## [EXERCISE INSTRUCTIONS]
The material below holds pictures, which are to be left out; copy exactly the lines from the one with "2001 Nissan Xterra" through the one with "13 piece bundle".

## [TASK MATERIAL]
══════════════════════════════

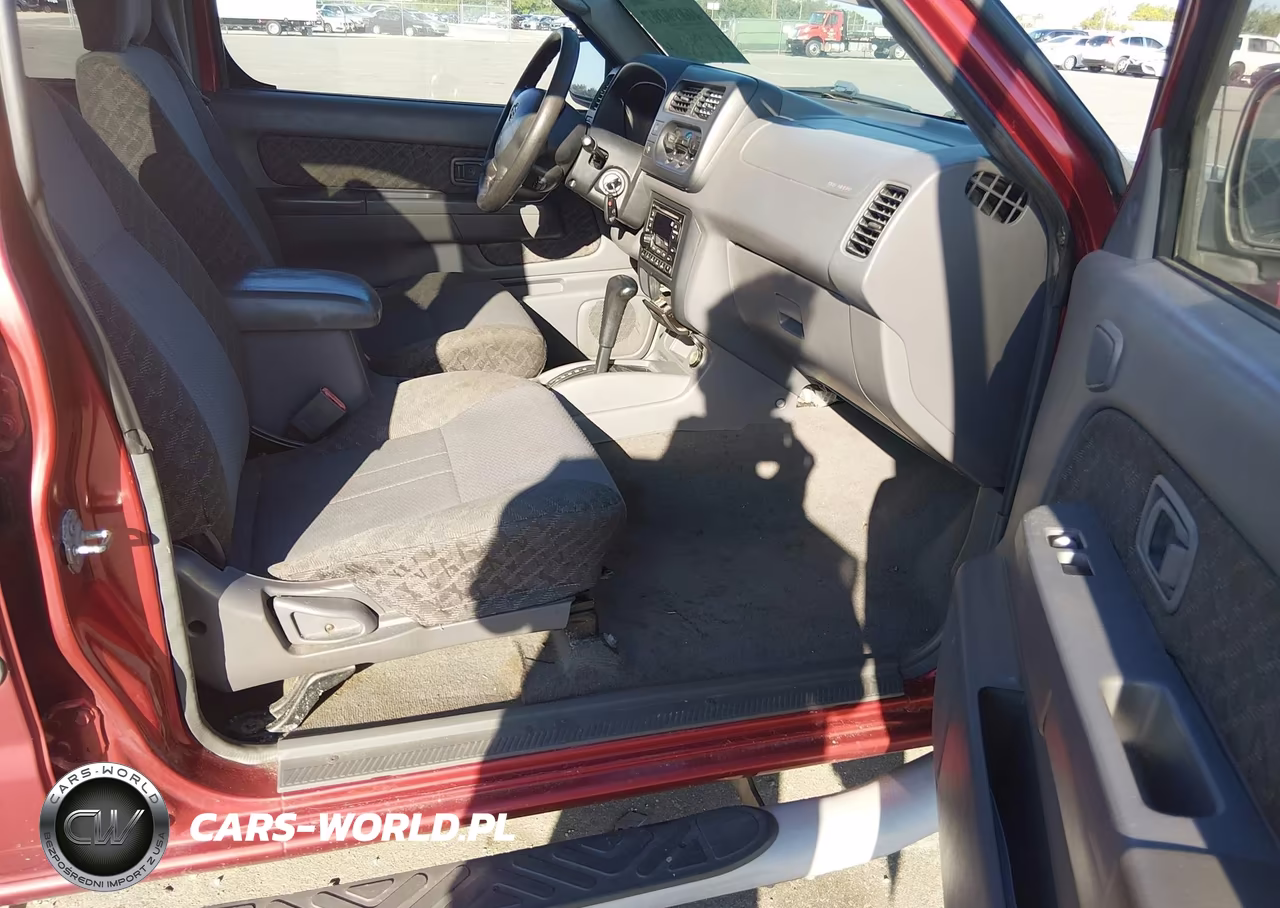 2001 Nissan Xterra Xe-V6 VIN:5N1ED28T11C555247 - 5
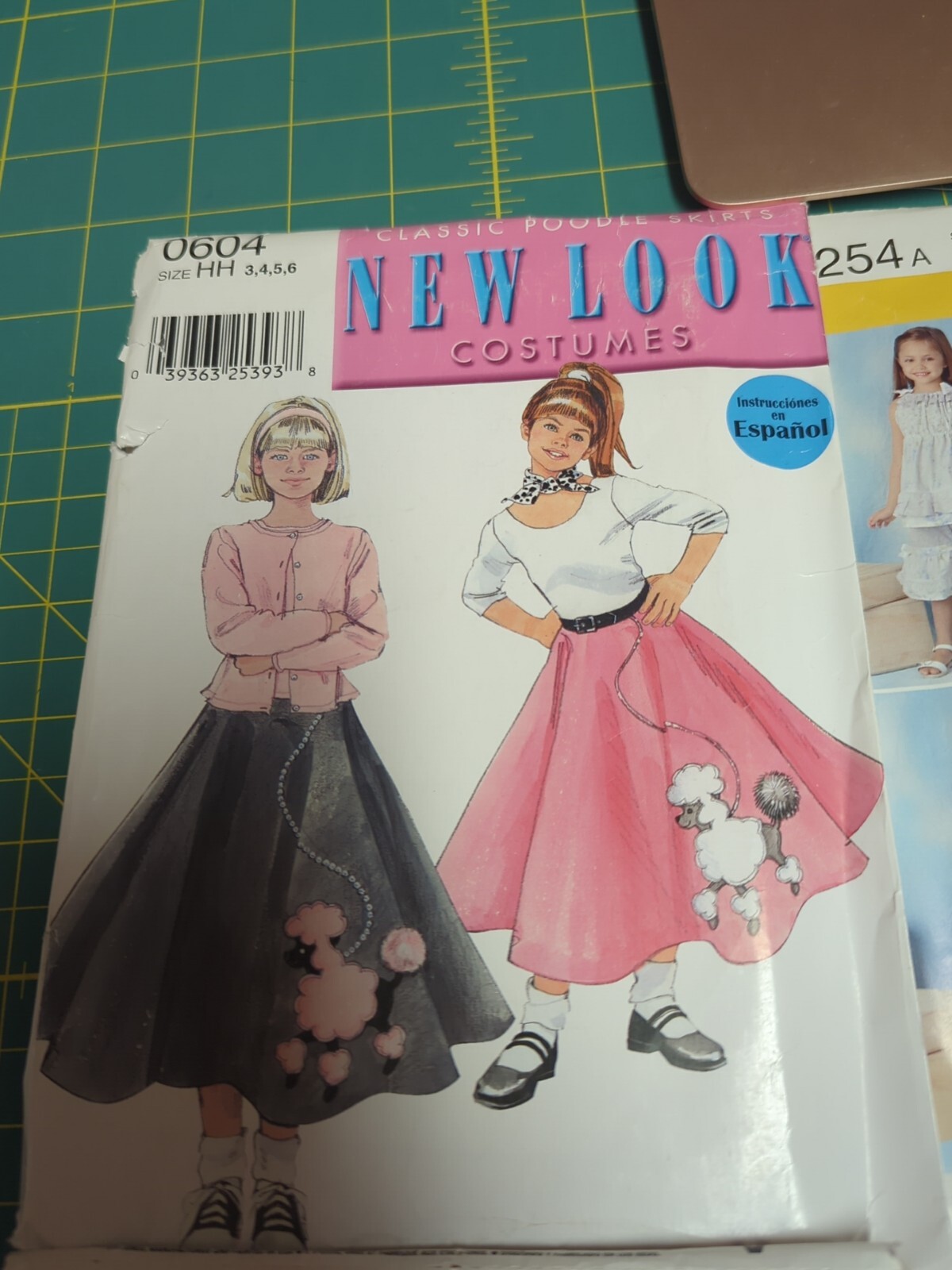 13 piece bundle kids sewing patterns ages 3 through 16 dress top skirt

══════════════════════════════

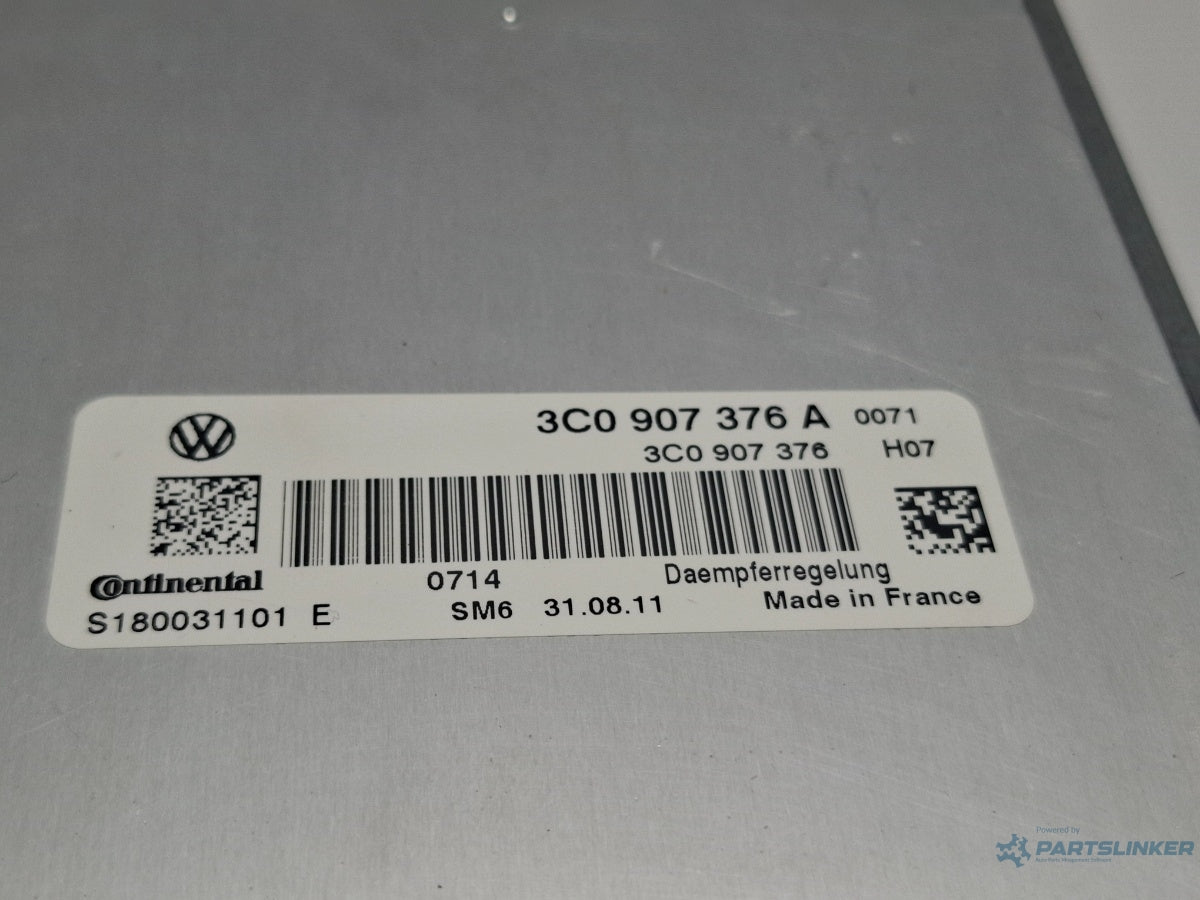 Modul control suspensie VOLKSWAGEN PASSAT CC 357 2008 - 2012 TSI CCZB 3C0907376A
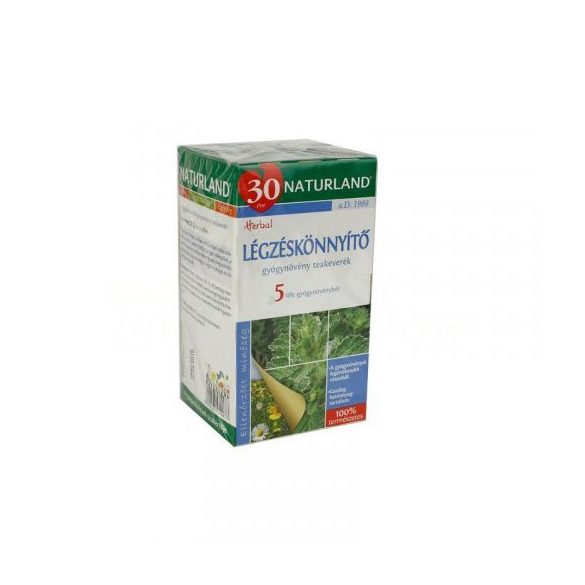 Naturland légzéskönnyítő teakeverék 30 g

══════════════════════════════

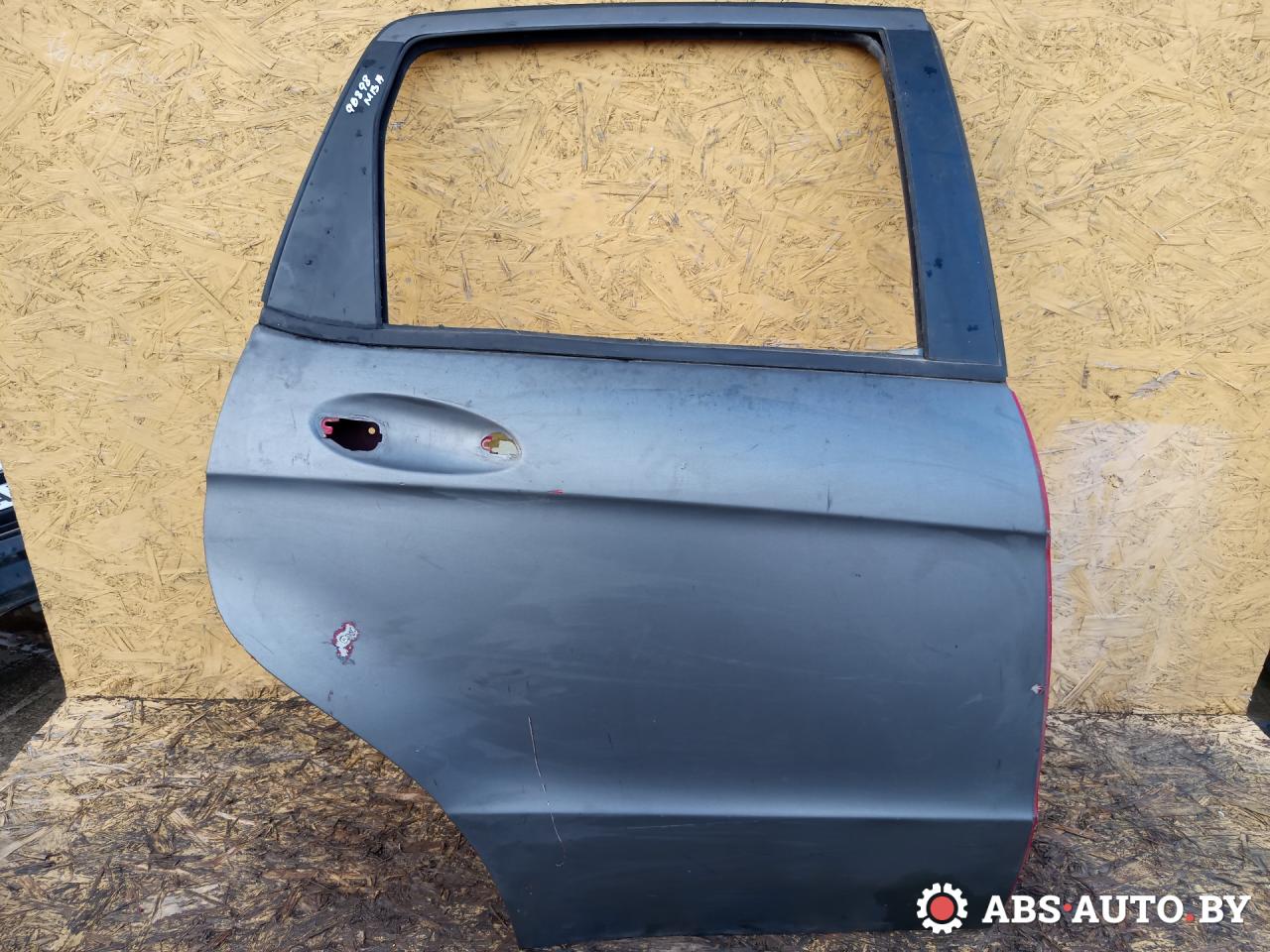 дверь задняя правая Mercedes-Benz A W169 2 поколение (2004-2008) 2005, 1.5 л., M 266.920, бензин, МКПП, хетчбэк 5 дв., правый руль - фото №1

══════════════════════════════

## [RESULT OF THIS EXERCISE]
 2001 Nissan Xterra Xe-V6 VIN:5N1ED28T11C555247 - 5
 13 piece bundle kids sewing patterns ages 3 through 16 dress top skirt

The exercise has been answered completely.